Category 5 Double IPA
The Category 5 DIPA’s original name was Island Hopper IPA before Due South’s hurricane series including Category 3 (and the seasonal release of Category 4. Category 5 DIPA has won so many awards that it’s no wonder this beer is considered one of the best IPAs in Palm Beach County. In 2014, it received the gold medal at the Best Florida Beer Championships for an imperial IPA, and was a second runner up for “Best in Show.”

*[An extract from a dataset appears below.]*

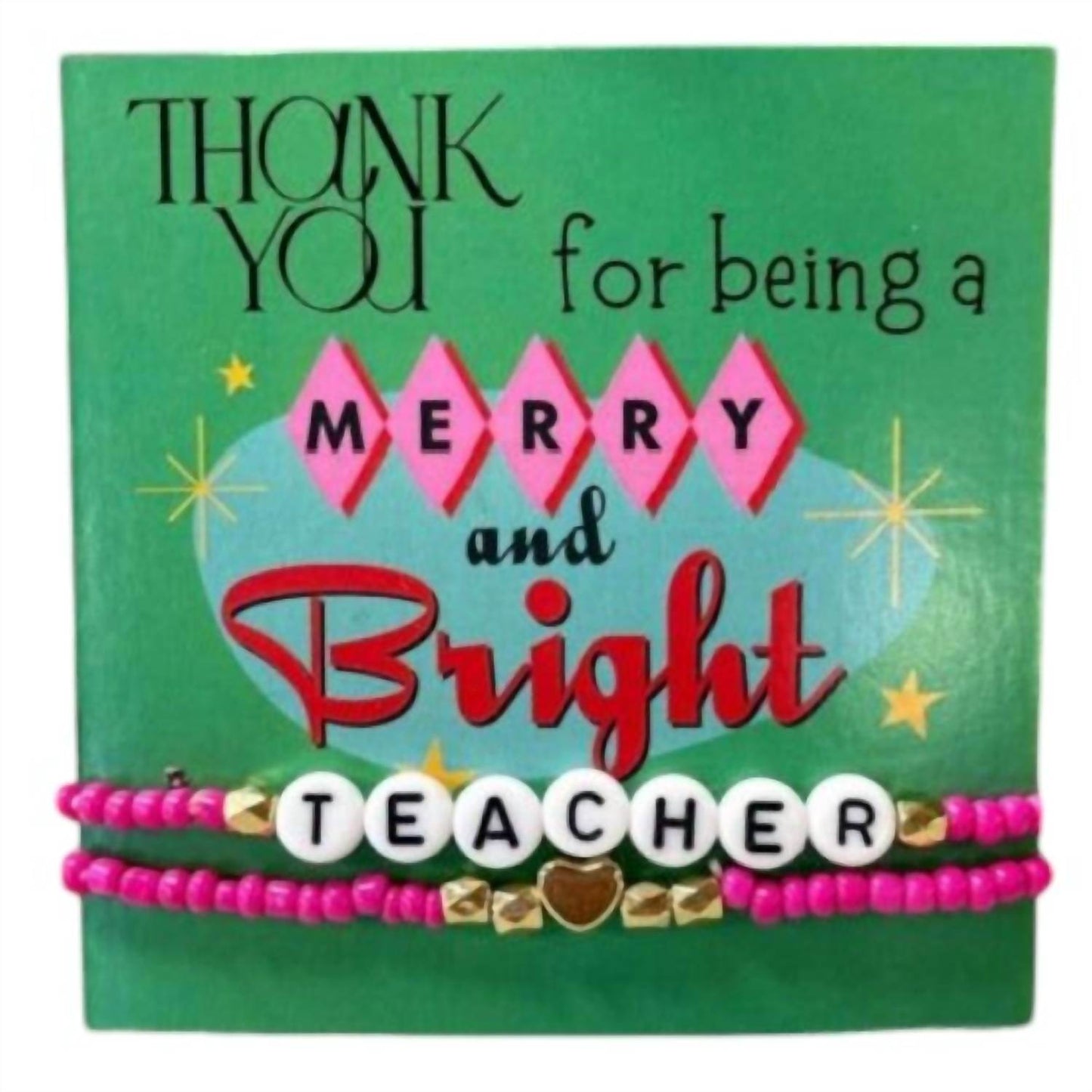 Lasting Impressions - Merry & Bright Teacher Holiday Gift Bracelet - Rack Hunt -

Two years later, it won the silver medal at the 2017 Can Can Awards for its style. In 2018, the US Beer Tasting Championship named it the “Best Imperial IPA in the Southeast.” What’s that really mean? This Citra dry-hopped imperial India pale ale is one of your more ol-school IPAs: fruity hops, gentle malt backbone, and a little too crushable for its 8.5% ABV.
Clutch Plate American IPA
This nano-brewery in Boca Raton is known for several of its signature beers, from the Intra-Kolsch blonde ale and Tang tangerine Berliner Weisse to its Publand English Mild. But it’s the Clutch Plate IPA that’s been around the longest, an original recipe from founding head brewer Cameron Donisi. A favorite of local fans, it saw Prosperity Brewers through its early days participating in area beer festivals before opening its taproom in 2017.

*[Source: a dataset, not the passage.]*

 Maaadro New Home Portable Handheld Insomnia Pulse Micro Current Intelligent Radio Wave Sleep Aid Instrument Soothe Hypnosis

Brewed with a combination of Columbus, Mosaic, and Citra hops, Clutch Plate walks the line between East and West coast IPAs. You get the tropical fruitiness of a typical East Coast-style while being anchored by a solid malt backbone and the appropriate bitterness you’d find with a West Coast take.
Steam Horse Brewing
Golden Spike New England Double IPA
Keeping with Steam Horse’s railway theme, the Golden Spike DIPA is the brewery’s tribute to the 17.6-karat spike that joined the eastern and western lines to complete Northern Pacific’s transcontinental railroad near Independence Creek in western Montana in 1883. It’s fitting that the New England-style imperial IPA pours a rich, opaque gold. It looks pretty, but tastes even better, with a modest 30 IBUs and 8.2% ABV. Loaded with premium brewers malts, it’s given a generous dose of fresh Mosaic hops with an added splash of pineapple juice for a complex finish that delivers tropical undertones with hints of berry and stone fruit.
Tequesta Brewing Co.
Short for S’il Vous Plait — or “please” in French — this beautiful, orange-hued IPA from Tequesta Brewing will have you saying just that. Recently released on Aug. 21, TSVP IPA will be a yearly release around this time—so keep your eyes peeled for this smooth sip. Hopped with a classic combination of Cascade and Mosaic, it’s a great example of an uber-juicy New England-style take. With its chowder-y mouthfeel and smooth finish, it’s distinguishable by its exceptionally low hop bitterness with just 24 IBUs despite a moderate 6.4% ABV. Hints of grapefruit and island fruits make this a mouth-watering, crushable brew.
Twisted Trunk Brewing Co.
IPGA American IPA
The IPGA is named after the PGA Boulevard, a play on the acronym for the iconic street in Palm Beach Gardens that delivers you directly to the brewery. Almost West Coast in nature, this is a slightly malty ale that displays its hop bitterness perfectly. At 6.2% ABV, the IPGA pours a deep coppery golden hue with an aroma that isn’t particularly strong but does waft a pleasant scent of hoppy pine and citrus.
The palate begins with a dose of hops right on the tip of the tongue, a solid 67 IBUs thanks to the interaction of Eldorado, Simcoe, and Cascade hops. Mellow notes of orange citrus follow flavors of biting grapefruit and citrusy pine that finish with a sweet hint of watermelon. An undercurrent of bready malt mixes in the base but lets the bitterness shine through from start to finish.